Chinese Buffets James Brown and Raw Oysters

I think it was ten days ago that we wound up at a place called Rhinehart’s in Augusta, Georgia. Everything there is served on paper plates. Every surface is covered with graffiti, the waitresses happily hand magic markers to the customers. The tables are picnic benches. You get the idea. It’s supposed to be like eating in someone’s not too well maintained beach shack or possibly one of the sets from the movie Trainspotting though without the Scottish heroin addicts. The menu is shrimp, oysters, burgers, hot wings, and fried fish. My wife had actually asked the motel if there was a place to get a salad for dinner and this was their idea of a salad place. The south is different, I guess.

Actually, the food turned out to be quite good. I had some local fish called “Ponga” in lime-buttter-garlic over some sort of flavored rice. My wife praised the hot wings and the oysters were really good. Middle of the meal, our son and daughter in law started writing their names onto the table.
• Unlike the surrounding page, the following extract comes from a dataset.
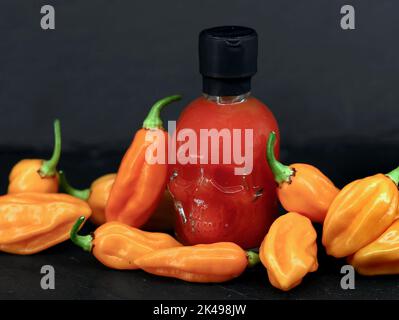 Chilisauce-Flasche in Form eines Schädels zwischen scharfer, orangefarbener Chilischote auf schwarzem Hintergrund Stockfoto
They then headed to one of the walls and started writing there as well. At that point, my wife insisted on getting with the spirit. She tried to get me to scrawl something on the wall, but I didn’t want to give away the fact that I secretly leave the house at night and tag all the freeway overpasses within thirty miles of us. Believe it or not, there are types of restaurants you can’t find anywhere in California.

We went straight from there to two hours at the super Walmart where the son and daughter in law grocery-shopped and other items their heart out. First evening of our vacation and I felt like we were living out an episode of King of the Hill. Everyone else in my office seems to go on cruises where their state room has its own balcony.

After spending the next morning with our son, we stopped for lunch with my parents’ best friends from when my father was stationed at then Camp Gordon in 1951. I’d mentioned in an earlier post that my parents had so much fun as part of the small Chinese community there that they even contemplated staying in Georgia. I make the phone call. Yes, she does remember who I am and midway through the phone call I learn that her husband died almost ten years ago, something about which my mother knew nothing.
At nine the next morning (we had four hours sleep in forty eight), we get a phone call at the motel. She wants to invite us to lunch with her son (he’s sixty) and his family.

My parents’ friend looks remarkably good for eighty two. She swims in the morning, all of her family lives within an hour and thirty minute drive (five kids, ten grandchildren, and one of the two great grandchildren is at the table). She remembers names and our explanation of why we’re in Georgia well. The only awkward moment is when she volunteers that her daughter in law’s mother had nineteen children and lived to the age of 80. After forty years, it appeared that she’s had a tendency to identify that as first fact about daughter in law. Well, who’s going to forget that someone else had eighteen brothers and sisters.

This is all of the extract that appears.